On the right, this argument is an accusation of hypocrisy. On the left, it is an expression of horror. In reality, it is an indication of continuity.

The Obama administration’s defense of drone strikes against al-Qaeda and associated groups — including U.S. citizens who are part of those groups — is based on a certain concept of self-defense in an age of terrorism. In this view, a threat does not become “imminent” when a terrorist boards a plane or straps on a bomb vest. It emerges when terrorists plot, train for and incite attacks. “The Constitution,” says Attorney General Eric Holder, “does not require the president to delay action until some theoretical end-stage of planning.” The recently leaked Justice Department memo argues similarly, “The condition that an operational leader present an ‘imminent’ threat of violent attack against the United States does not require the United States to have clear evidence that a specific attack on U.S. persons and interests will take place in the immediate future.”

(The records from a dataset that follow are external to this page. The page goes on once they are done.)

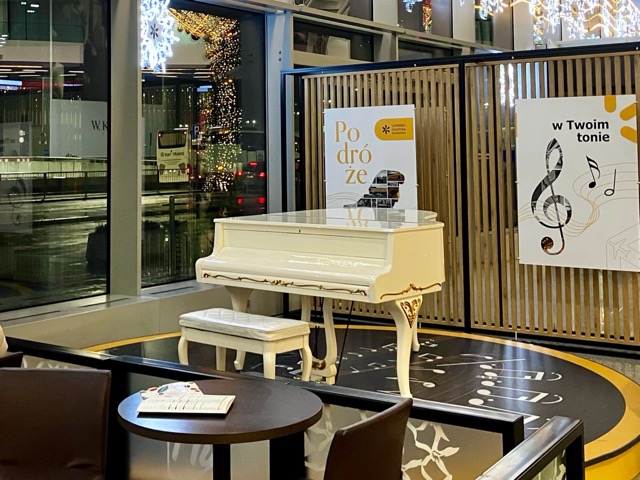 ワルシャワ空港ターミナルに設置された白いグランドピアノ。壁には空港ロゴ入りのポスターと大きなト音記号の装飾がある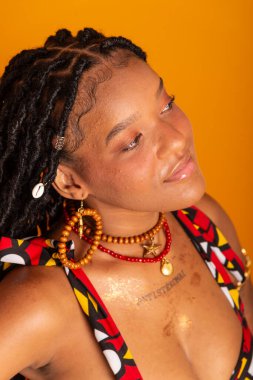 Saçları örgülü, geleneksel kıyafetler giyen ve kameraya poz veren güzel bir kadının dikey yakın plan portresi. Hardal renkli arka planda izole edilmiş. Kendine güvenen ve sakin biri..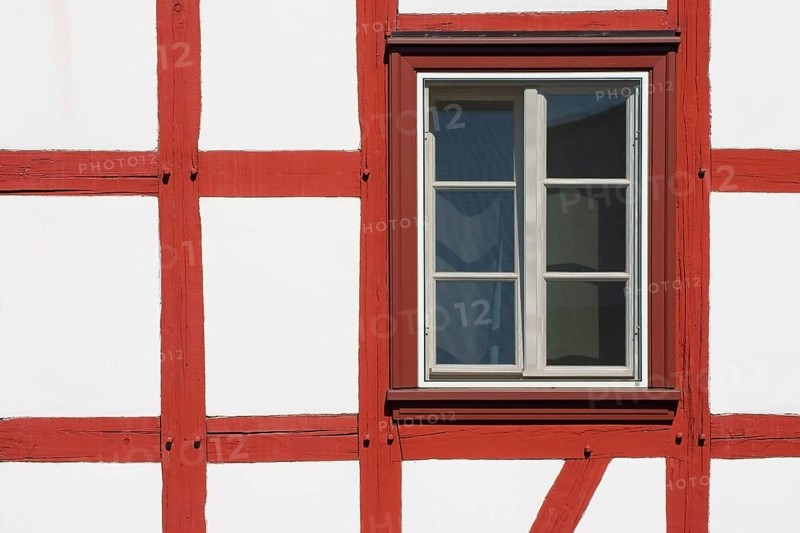 Close-up of the beam construction of a half-timbered house with windows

The same point was made by President Bush, who talked of remaining “on the offensive” in order to prevent attacks “before they arrive.” The National Security Strategy of 2006 put it this way: “If necessary, however, under long-standing principles of self-defense, we do not rule out the use of force before attacks occur, even if uncertainty remains as to the time and place of the enemy’s attack. When the consequences of an attack with WMD are potentially so devastating, we cannot afford to stand idly by as grave dangers materialize.”

This argument was savaged as a dangerous innovation. It was nothing of the sort. Elihu Root, a senator and former secretary of state, said in 1914, “Every sovereign state [has the right] to protect itself by preventing a condition of affairs in which it will be too late to protect itself.” President Franklin Roosevelt made the case with typical vividness: “When you see a rattlesnake poised to strike, you do not wait until he has struck before you crush him.” At the height of the Cuban missile crisis, President John Kennedy argued that the nature of modern threats required preventive or anticipatory self-defense. “Neither the United States of America nor the world community of nations,” he said, “can tolerate deliberate deception and offensive threats on the part of any nation, large or small. We no longer live in a world where only the actual firing of weapons represents a sufficient challenge to a nation’s security to constitute maximum peril. Nuclear weapons are so destructive, and ballistic missiles are so swift, that any substantially increased possibility of their use or any sudden change in their deployment may well be regarded as a definite threat to peace.”

Drone strikes are an innovation in anticipatory self-defense, requiring careful oversight and a high threshold for action. They are also a technology that allows the most discriminate application of force in the history of warfare. That the use of drones protects U.S. troops from risk is a virtue. And the targeting of U.S. citizens who are fighting for the enemy is neither new nor forbidden by the laws of war. At least eight American volunteers for the Waffen SS were killed during World War II. Should their U.S. citizenship have earned them membership in a special, protected category of combatant?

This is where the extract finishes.